_Required work_
Here the job is to transcribe only the lines from the one containing "Is Your Shoulder" through the last line below, exactly as written; please leave out pictures.

(Short web captions)
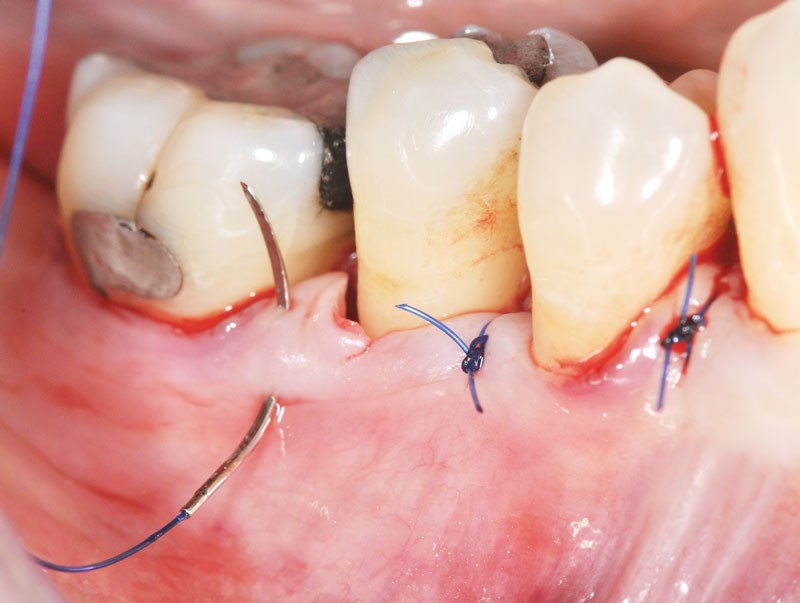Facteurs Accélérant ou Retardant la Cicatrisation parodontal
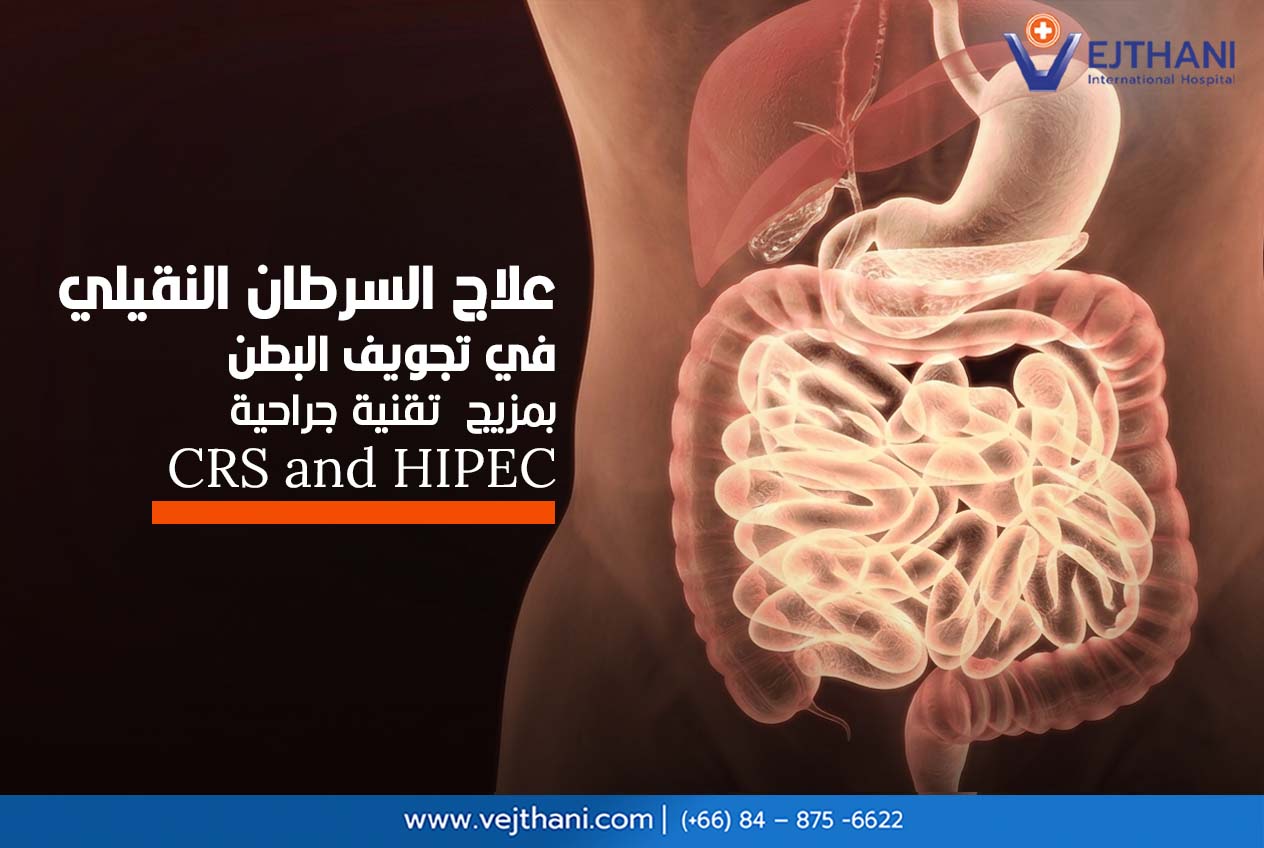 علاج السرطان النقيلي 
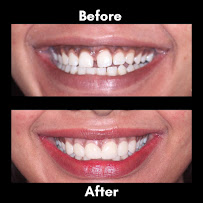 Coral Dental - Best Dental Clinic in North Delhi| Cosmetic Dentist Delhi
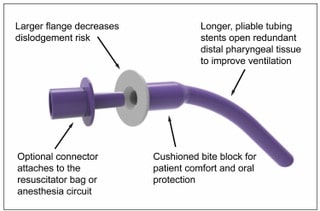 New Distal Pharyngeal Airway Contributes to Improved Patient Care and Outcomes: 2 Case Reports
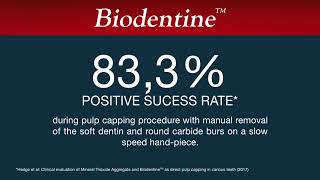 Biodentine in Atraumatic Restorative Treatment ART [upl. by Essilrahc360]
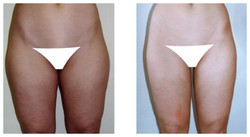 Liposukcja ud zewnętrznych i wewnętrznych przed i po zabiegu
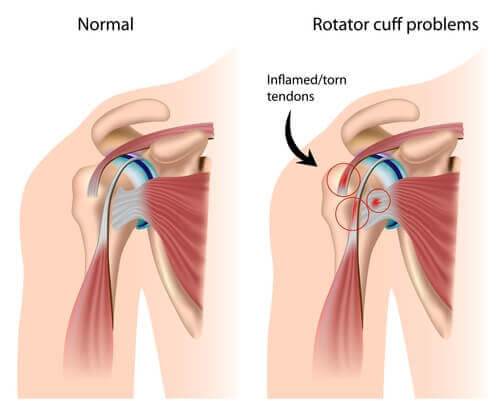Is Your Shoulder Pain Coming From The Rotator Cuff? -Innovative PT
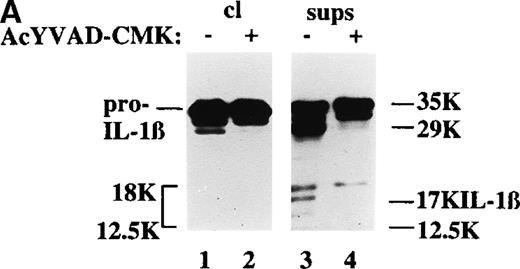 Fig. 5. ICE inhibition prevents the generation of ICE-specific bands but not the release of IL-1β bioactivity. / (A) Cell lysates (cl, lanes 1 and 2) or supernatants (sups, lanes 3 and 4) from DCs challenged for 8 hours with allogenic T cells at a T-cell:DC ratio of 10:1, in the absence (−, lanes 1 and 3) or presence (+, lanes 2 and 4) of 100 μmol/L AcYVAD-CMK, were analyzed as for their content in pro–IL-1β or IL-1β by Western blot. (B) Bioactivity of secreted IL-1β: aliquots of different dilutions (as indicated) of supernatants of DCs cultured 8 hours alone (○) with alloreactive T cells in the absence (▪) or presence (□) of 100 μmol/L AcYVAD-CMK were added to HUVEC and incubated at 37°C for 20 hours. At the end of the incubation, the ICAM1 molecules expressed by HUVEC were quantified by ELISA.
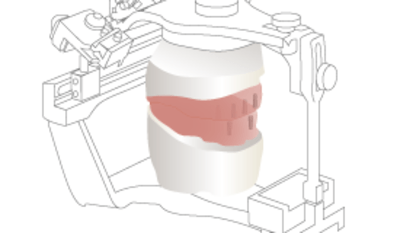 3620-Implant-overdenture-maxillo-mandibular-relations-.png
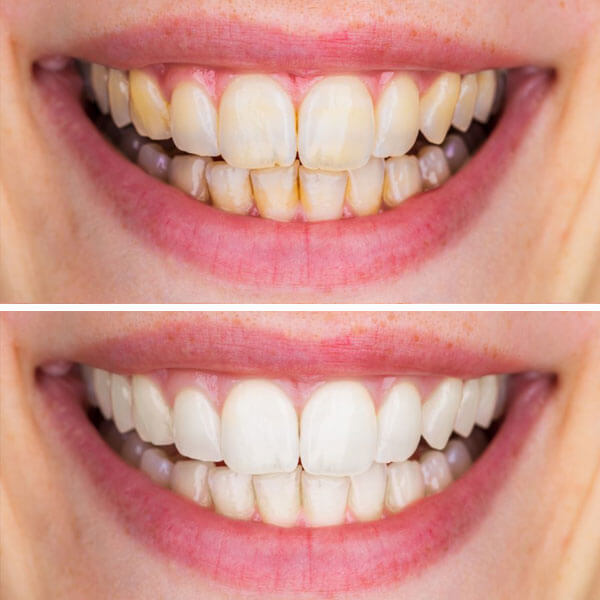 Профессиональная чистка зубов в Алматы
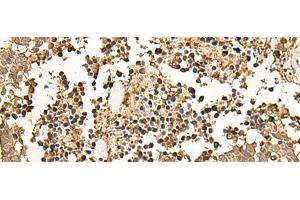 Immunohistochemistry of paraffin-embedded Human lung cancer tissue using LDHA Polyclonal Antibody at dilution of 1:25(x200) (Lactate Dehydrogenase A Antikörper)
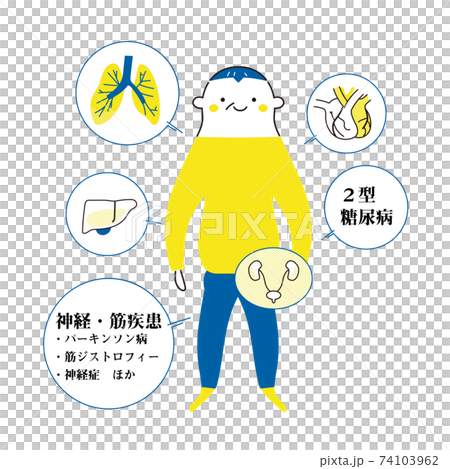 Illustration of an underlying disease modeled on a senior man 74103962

_Written answer_
Is Your Shoulder Pain Coming From The Rotator Cuff? -Innovative PT
 Fig. 5. ICE inhibition prevents the generation of ICE-specific bands but not the release of IL-1β bioactivity. / (A) Cell lysates (cl, lanes 1 and 2) or supernatants (sups, lanes 3 and 4) from DCs challenged for 8 hours with allogenic T cells at a T-cell:DC ratio of 10:1, in the absence (−, lanes 1 and 3) or presence (+, lanes 2 and 4) of 100 μmol/L AcYVAD-CMK, were analyzed as for their content in pro–IL-1β or IL-1β by Western blot. (B) Bioactivity of secreted IL-1β: aliquots of different dilutions (as indicated) of supernatants of DCs cultured 8 hours alone (○) with alloreactive T cells in the absence (▪) or presence (□) of 100 μmol/L AcYVAD-CMK were added to HUVEC and incubated at 37°C for 20 hours. At the end of the incubation, the ICAM1 molecules expressed by HUVEC were quantified by ELISA.
 3620-Implant-overdenture-maxillo-mandibular-relations-.png
 Профессиональная чистка зубов в Алматы
 Immunohistochemistry of paraffin-embedded Human lung cancer tissue using LDHA Polyclonal Antibody at dilution of 1:25(x200) (Lactate Dehydrogenase A Antikörper)
 Illustration of an underlying disease modeled on a senior man 74103962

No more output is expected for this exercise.